Smile like you mean it
Except, well, she doesn't get to do that. Alicia Florrick is still the wife of a man running for president, and she still has to get on the bus to Iowa for the Iowa Caucus, even if it's a shoes-off, shades-on affair. She might be devastated, and she might want to hide behind Jane Eyre and loud music, but there's a campaign to be lost, and she's required to be a part of it.
Did we ever really believe Peter could be president? Was that Ruth Eastman's idea? Was it some twisted anti-idea of Eli's, one he made Ruth think was hers? I can't remember. I do remember it all seeming implausible until the real-life Republican presidential hopefuls stepped up last year, and I conceded that the narcissistic Peter Florrick would fit right in. Anyway, it's irrelevant now because Peter's team over-reached; they should have stayed on the VP trail. Despite having his very own number one fan, and despite some pretty favorable press coverage as he tours around Iowa in a day, Peter loses tonight - maybe for the first time in his life.
Fans are divided about political story lines on THE GOOD WIFE. I don't mind them, especially in an election year. It never hurts to poke some holes in the pageantry of it all. I find the political machine as interesting as any case of the week, and I'm all for an episode that both keeps the extraordinary Alan Cumming busy, and brings back Zach. But Peter losing so resoundingly tonight feels like an incomplete story, like a bait and switch with only half the switch revealed.
Is this the end for Peter Florrick? Was that the point of his defeat?
In any other world
It might be the end of his marriage, at least. Sure, Alicia rallies from her muted despair when she realises Peter really needs her help.
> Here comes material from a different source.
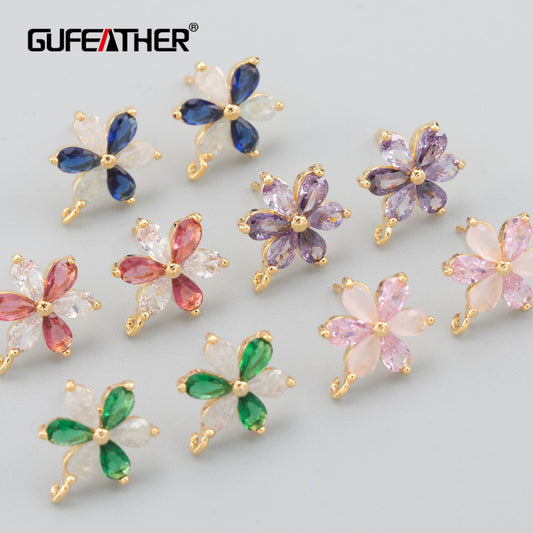 GUFEATHER MA95, accessoires de bijoux, sans nickel, plaqué or 18 carats, cuivre, zircons, forme de fleur, fabrication de bijoux, boucles d'oreilles bricolage, 6 pièces/lot 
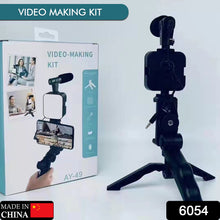 Vlogging Kit for Video Making - Mic, Mini Tripod, LED Light, & Phone Holder Clip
But she also displays a strange, oddly contented smile whenever something goes wrong (never spit out the sandwich, Peter!). She also has less than a single care left for the capers of her mother-in-law Jackie, who is about to marry Howard.
(She might care later though, when she finds out David Lee siphoned off more than two million dollars to keep her from getting the exit package she deserved. Is this money issue going to come back around? How much of that two million should have gone to the oft-struggling Alicia Florrick?)
The thing is, there was a yes she didn't say way back when. Back when she was sitting in seat 35L at Georgetown, and a young man offered her a life. If Peter had been successful in this latest campaign of his, that yes might have faded in the glare of all that was to come. But Peter came in 4th in Iowa.
He lost.
Alicia doesn't have to be his good wife anymore.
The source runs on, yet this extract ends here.